Le dispositif sur les métiers en tension se trouve précisément dans le collimateur du RN. Jordan Bardella promet, s’il devient Premier ministre, la suspension par circulaire ministérielle, dès le mois de juillet, « de toutes les régularisations de clandestins par les préfets ». « Que celui qui estime que la France compte trop d’immigrés vienne ramasser les poubelles ou s’essayer au marteau piqueur ! », assène sans ambages Francis Dubrac. « Le secteur des travaux publics, actuellement, n’est pas même en tension, mais en hypertension.

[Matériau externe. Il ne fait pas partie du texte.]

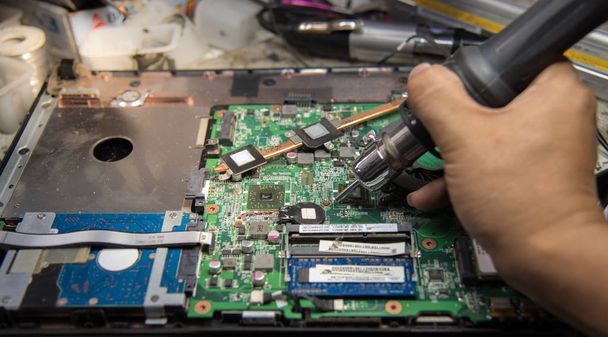 computer notebook reparatie, de laptop moederbord reparatie. - Foto, afbeelding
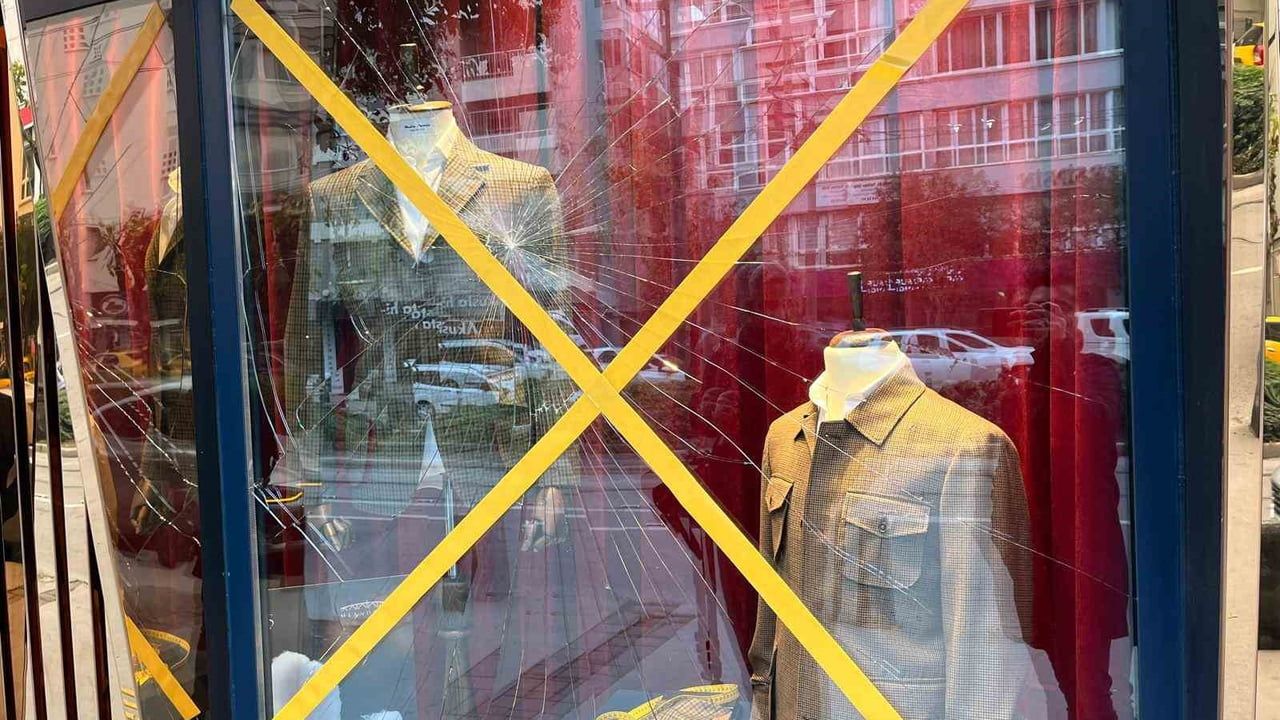 İzmir'de Alkollü Travesti Vitrin Camını Başıyla Kırdı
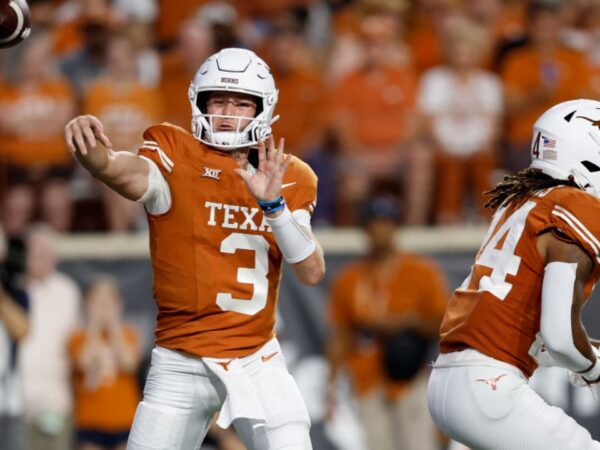 How to Watch Texas Longhorns vs. Kansas Jayhawks Online: TV Channel, Start Time, Live Stream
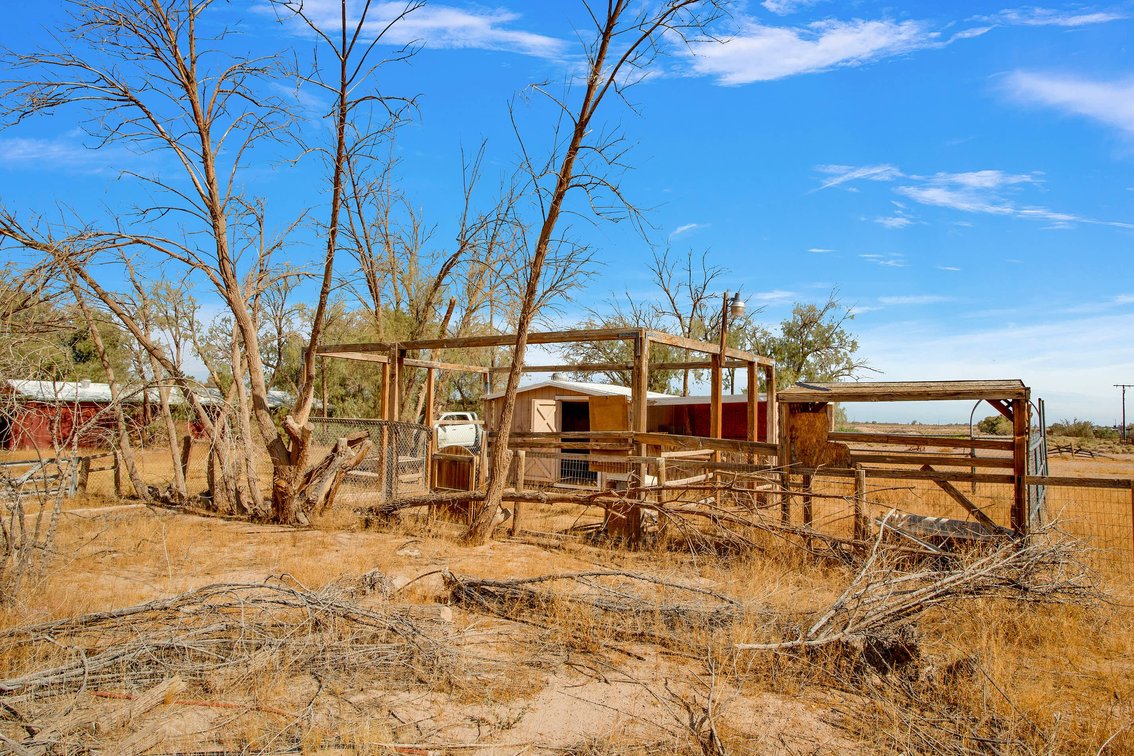 Image for Newberry Desert Ranch Retreat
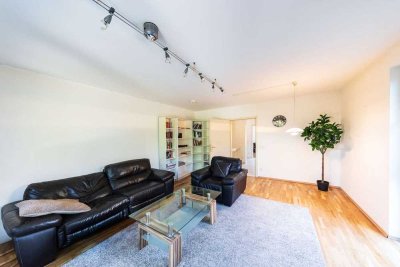 Stilvolle Maisonette im Erdgeschoss: Zwei Ebenen, sonnige Terrasse, Souterrain & Gartenidylle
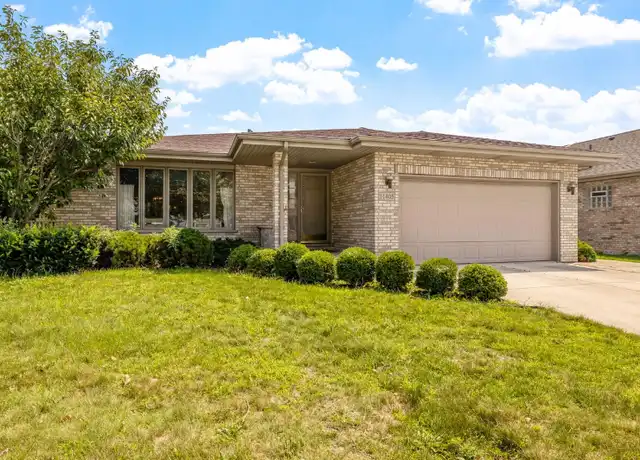 Property at 11405 Foxwoods Dr, Oak Lawn, IL, 60453, 3 beds, 3 baths, [object Object]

Alors que les préfectures sont déjà débordées, nous avons besoin de ces régularisations pour répondre à nos besoins de main d’œuvre, sous peine de devoir licencier des salariés dont le titre de séjour a expiré, mettant par là-même en péril la formation au sein de nos entreprises. » Le RN envisage en tout cas, dans le cadre d’une loi « portant mesures d’urgence sur l’immigration », de consacrer le « retour du délit de séjour irrégulier ». Les sanctions contre les employeurs de travailleurs clandestins se verraient en outre renforcées.

Sur le registre des rémunérations, le parti lepéniste propose par ailleurs de permettre aux entreprises d’augmenter les salaires de 10 % jusqu’à trois fois le Smic, en les exonérant de l’augmentation des cotisations patronales pendant trois à cinq ans.

L’abrogation de la dernière réforme des retraites figure également au programme du RN. Mais après avoir promis un rétablissement de la retraite à 60 ans, Jordan Bardella a signifié son intention de privilégier les carrières longues, en limitant ce droit aux personnes ayant commencé à travailler avant 20 ans, « qui exercent des métiers difficiles et n’ont pas la chance de travailler dans des bureaux climatisés l’été et chauffés en hiver ». Il s’agirait, au-delà, de mettre en place un système progressif « qui tournerait autour d’un âge pivot de 62 ans à condition de justifier de 42 annuités », a précisé le président du RN le 25 juin sur TF1. Pour les personnes ayant commencé leur carrière après 22 ans, l’âge légal de départ à la retraite serait ainsi supérieur à celui de 64 ans arrêté par la dernière réforme…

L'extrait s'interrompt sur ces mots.